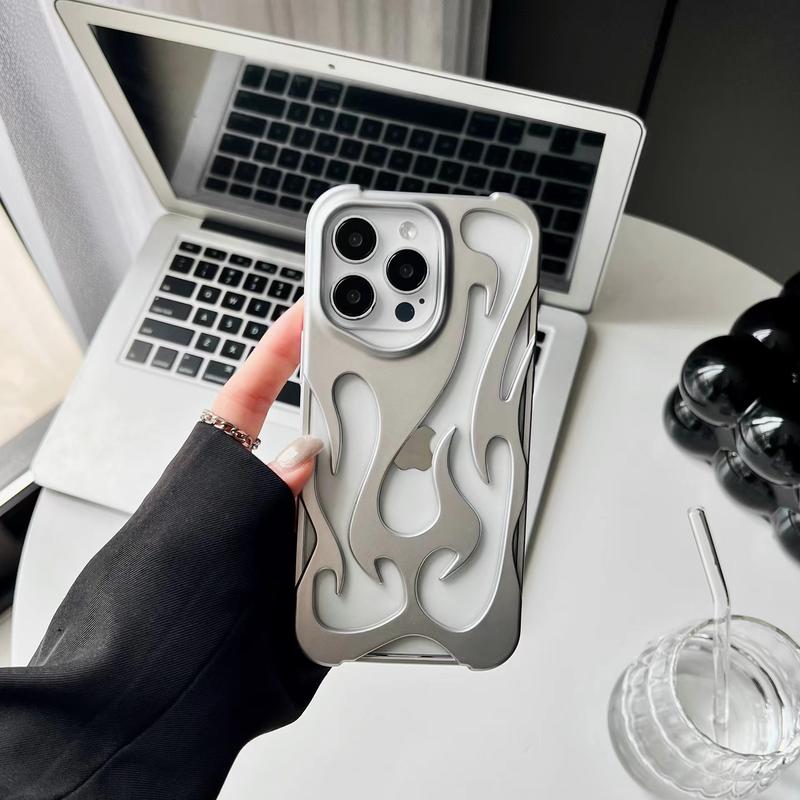 Product Introduction of Flame Pattern Hollow Heat Dissipation Electroplating Purple TPU Mobile Phone Case Protective Cover Suitable for iPhone16 iPhone15 iPhone14 8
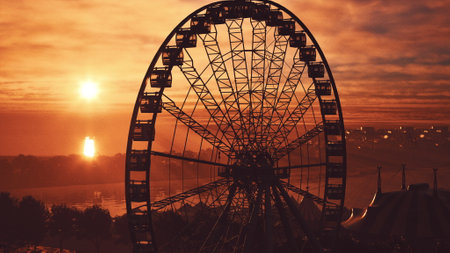 A massive ferris wheel stands on top of a vibrant green field, creating a striking contrast between the man-made structure and the natural surroundings.の写真素材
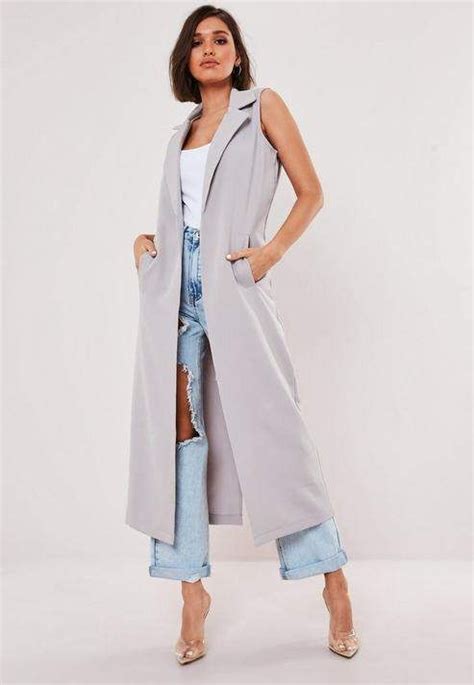 Missguided Gray Sleeveless Maxi Duster Coat Maxi Duster Coat Sleeveless Coat Waistcoat Fashion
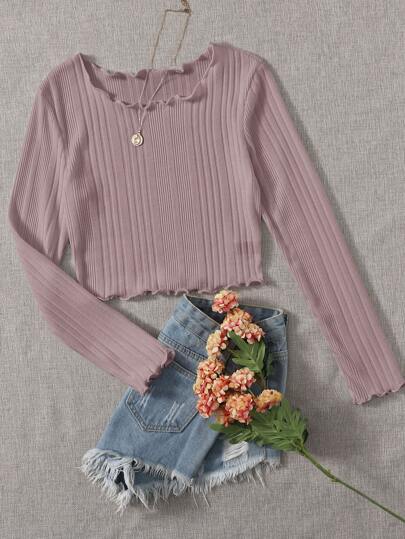 SHEIN EZwear Women T-Shirts Lettuce Trim Rib-Knit Plain Casual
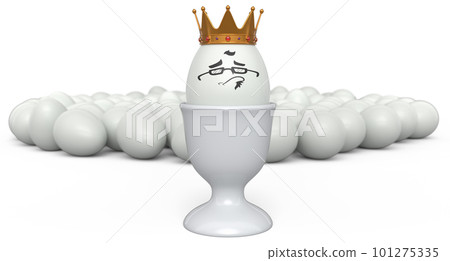 Crowd of farm white chicken eggs and unique egg with funny face and crown on it Crowd of farm white chicken eggs and unique egg with funny face and crown on it 101275335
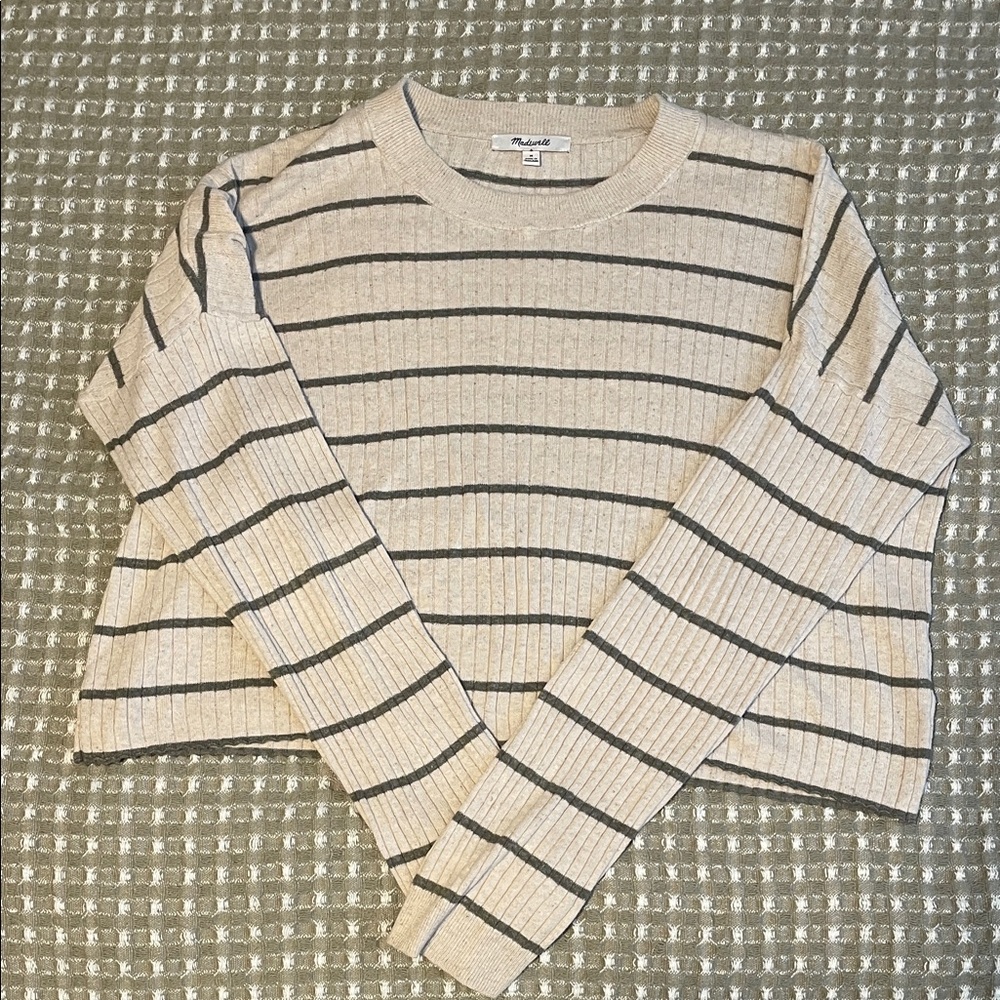 Madewell Beige & Olive Striped Ribbed Crop Sweater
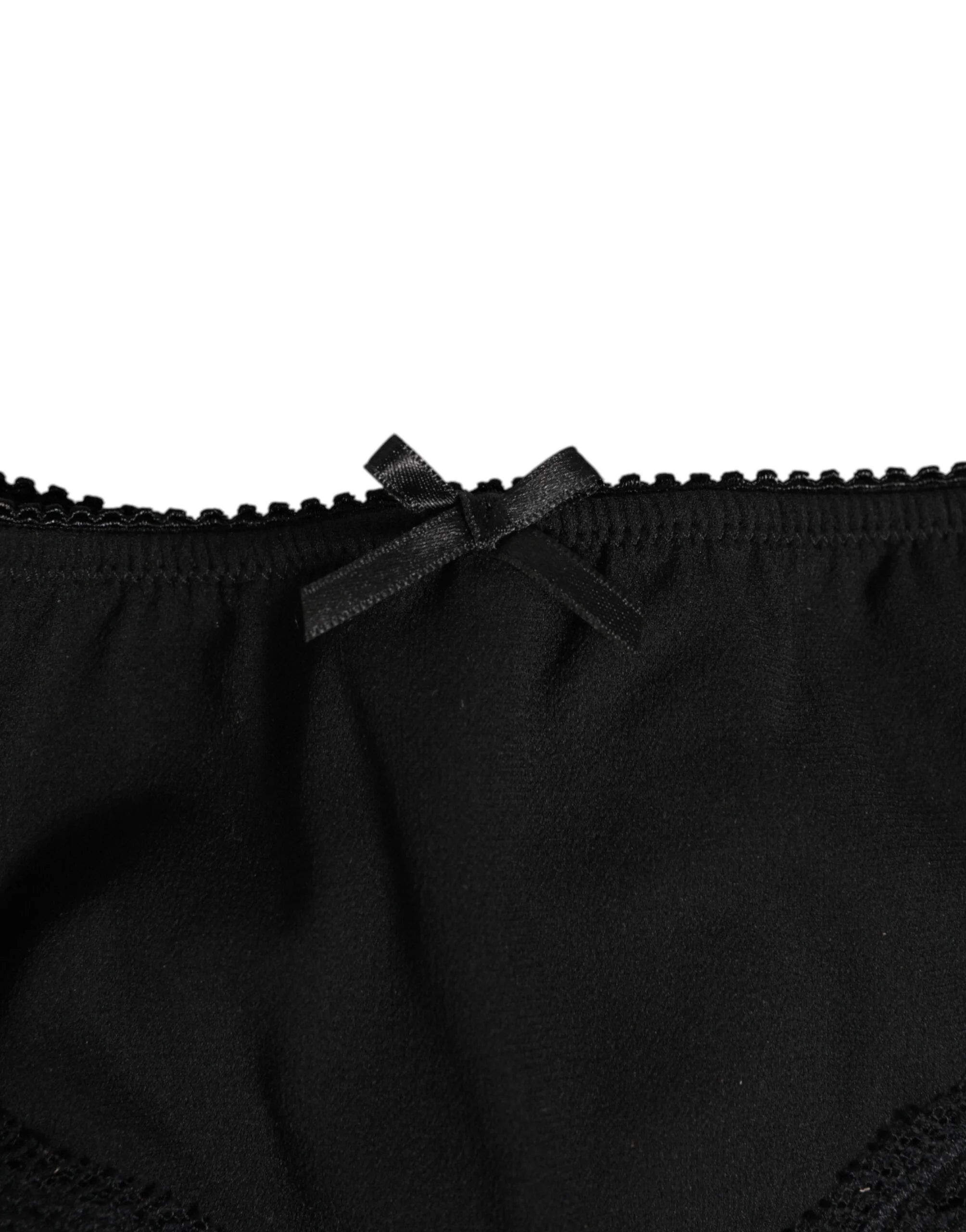 Dolce & Gabbana Black Silk Satin Floral Lace Panty Brief Underwear - Briefs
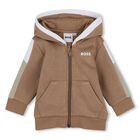 Younger Boys Beige Hooded Zip Up Top, 1, hi-res
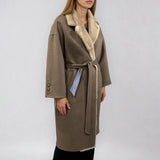 CASHMERE-WOOL COAT WITH MINK FUR TRIM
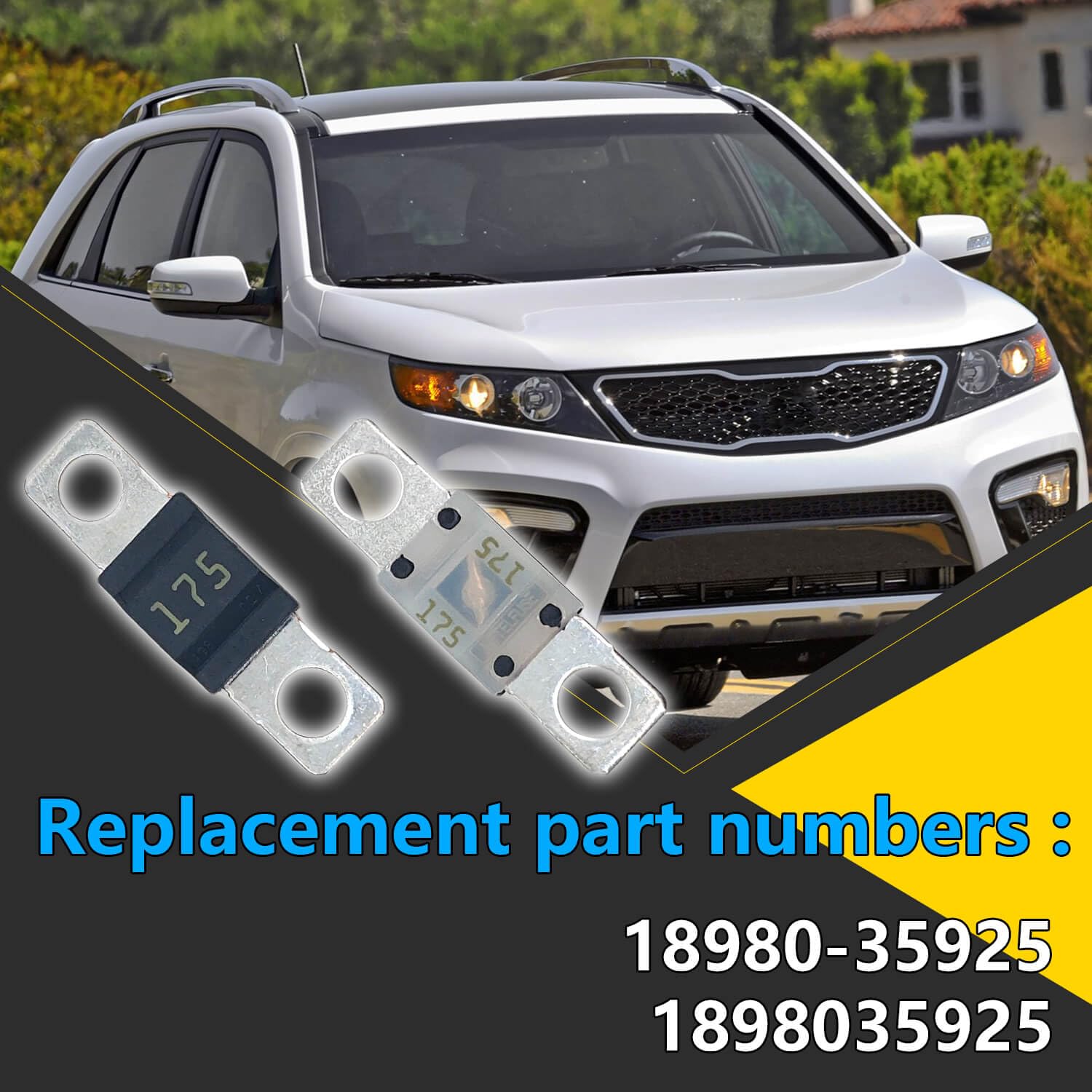 2 Pack 175A Midi-Fuse M6 18980-35925 1898035925 Compatible with Kia Sorento 2011-2013 Direct Replacement Midfuse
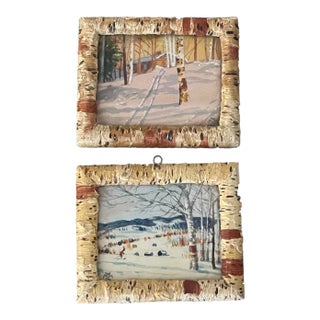 Willard Morse Mitchell Minature Watercolor Paintings, C. 1941- Set of 2 For Sale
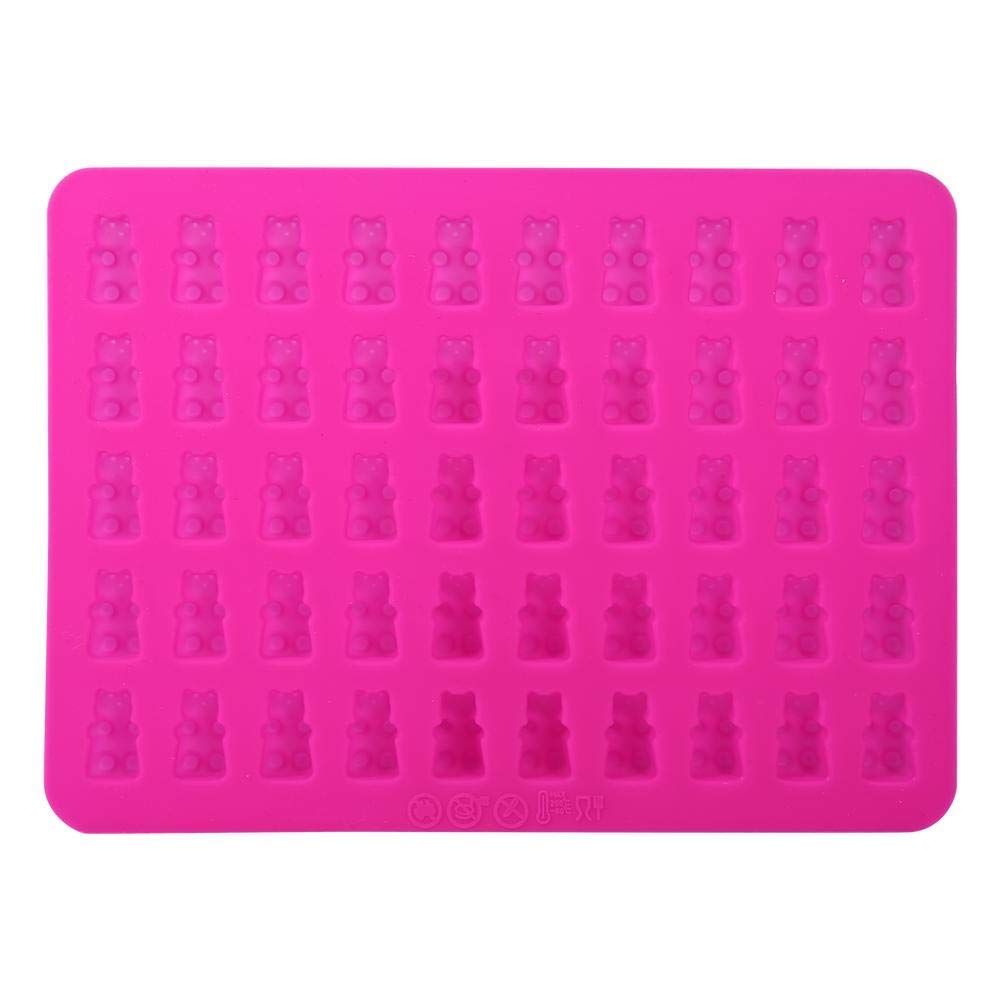 2Pcs Gummy Bear Mold, 50 Cavities Silicone Chocolate Candy Mold with Dropper(Rose Red)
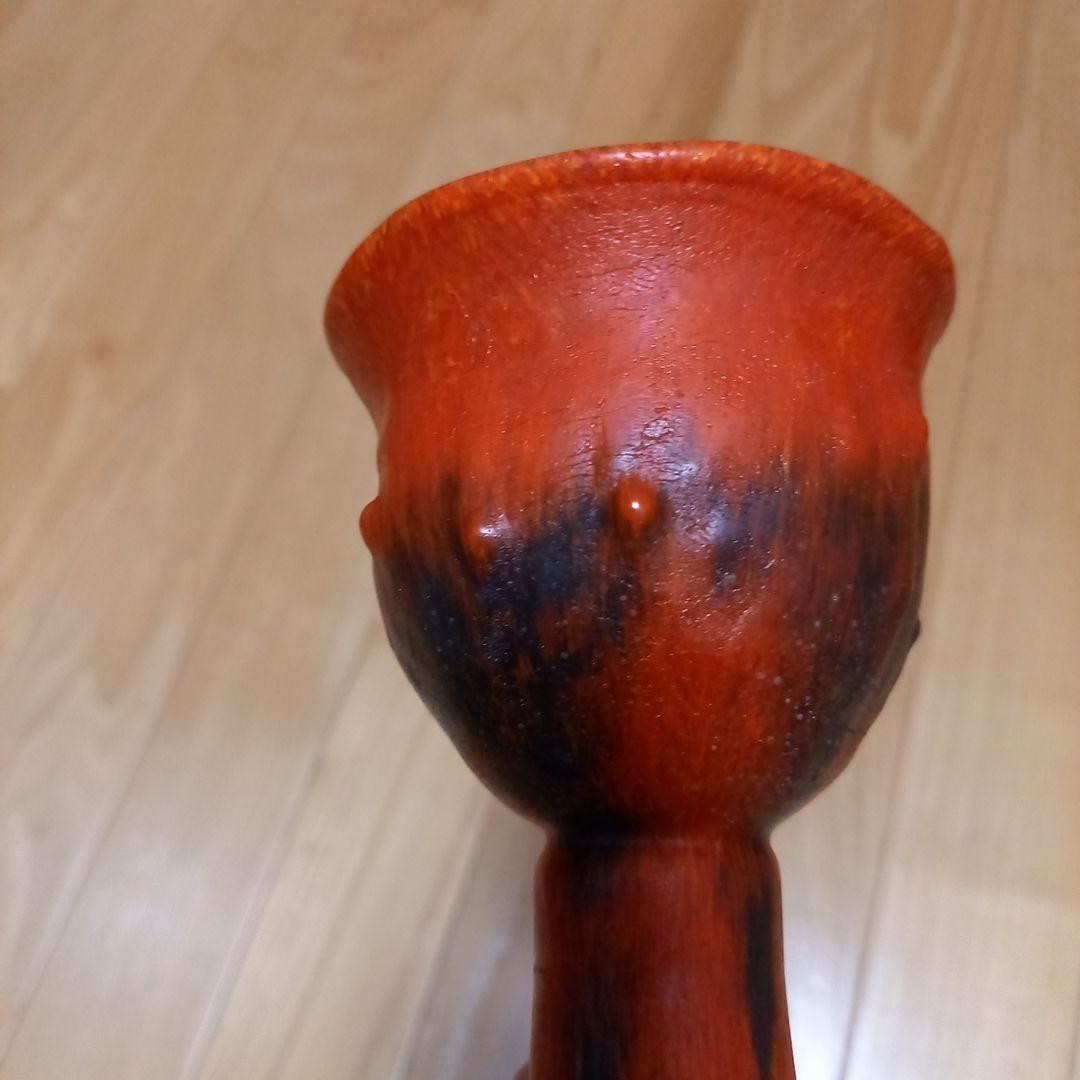 酒器　馬上杯　馬上盃　骨董　赤と黑の趣きのあるグラス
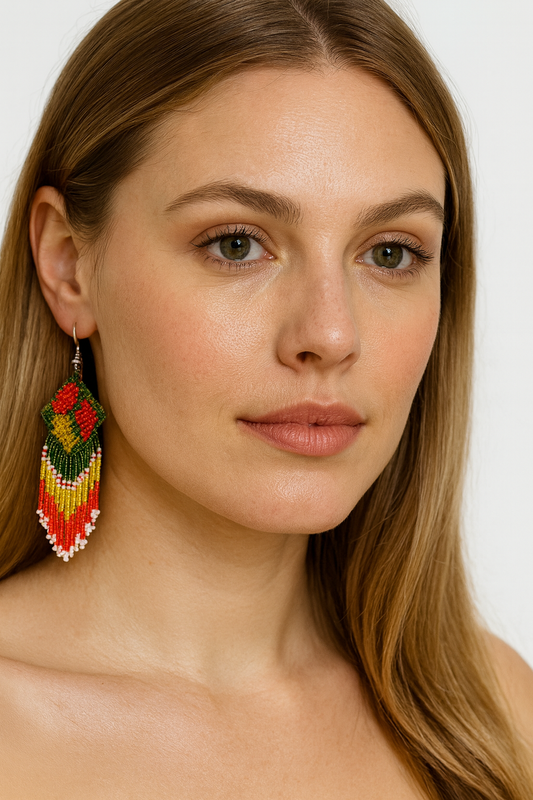 Handmade Beaded Fringe Earrings – Green, Red, and Yellow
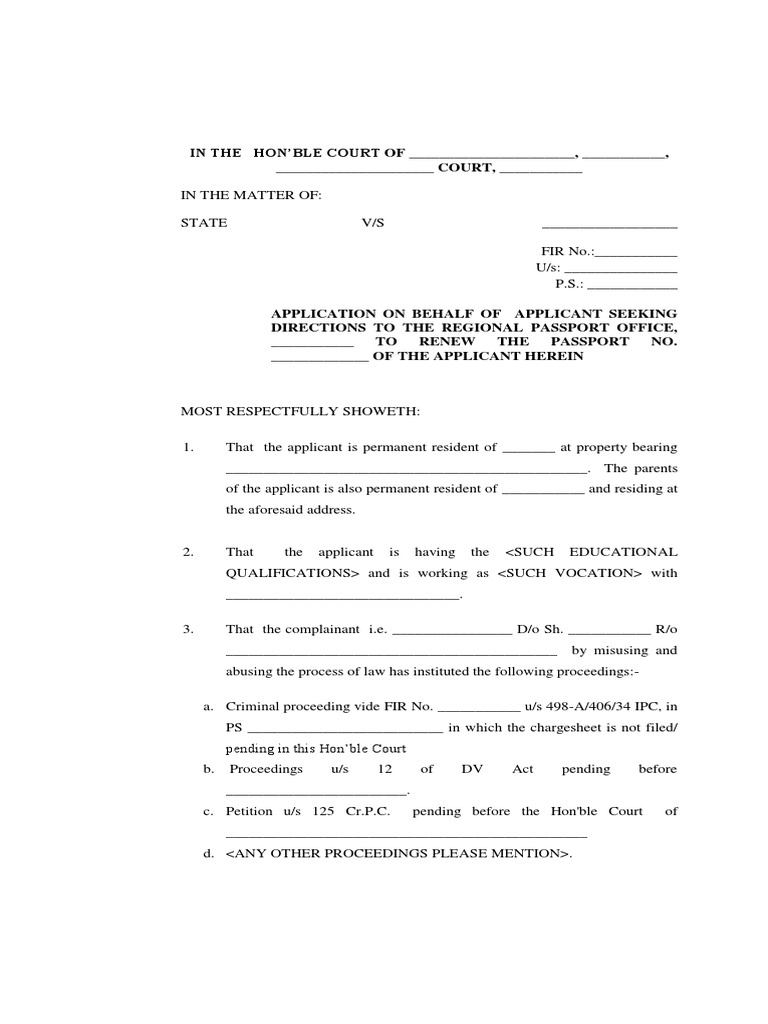Application Seeking Court Permission For Renewal of Passport PDF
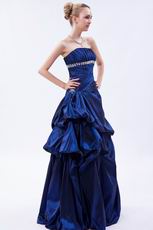 Strapless Navy Blue Taffeta Prom Ball Gown For Low Price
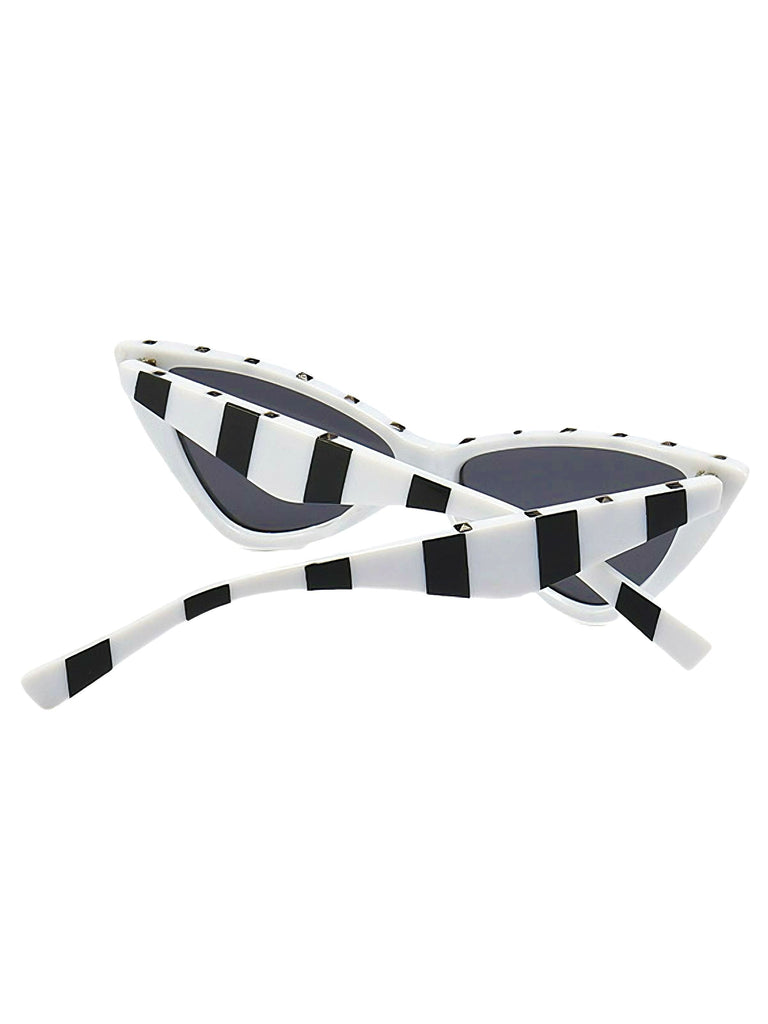 Lunettes de soleil œil de chat classiques à rayures vintage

========

What you will do:
Leave the pictures out. Transcribe exactly the lines from the one with "Strapless Navy Blue" through the end of the records.

Your response:
 Strapless Navy Blue Taffeta Prom Ball Gown For Low Price
 Lunettes de soleil œil de chat classiques à rayures vintage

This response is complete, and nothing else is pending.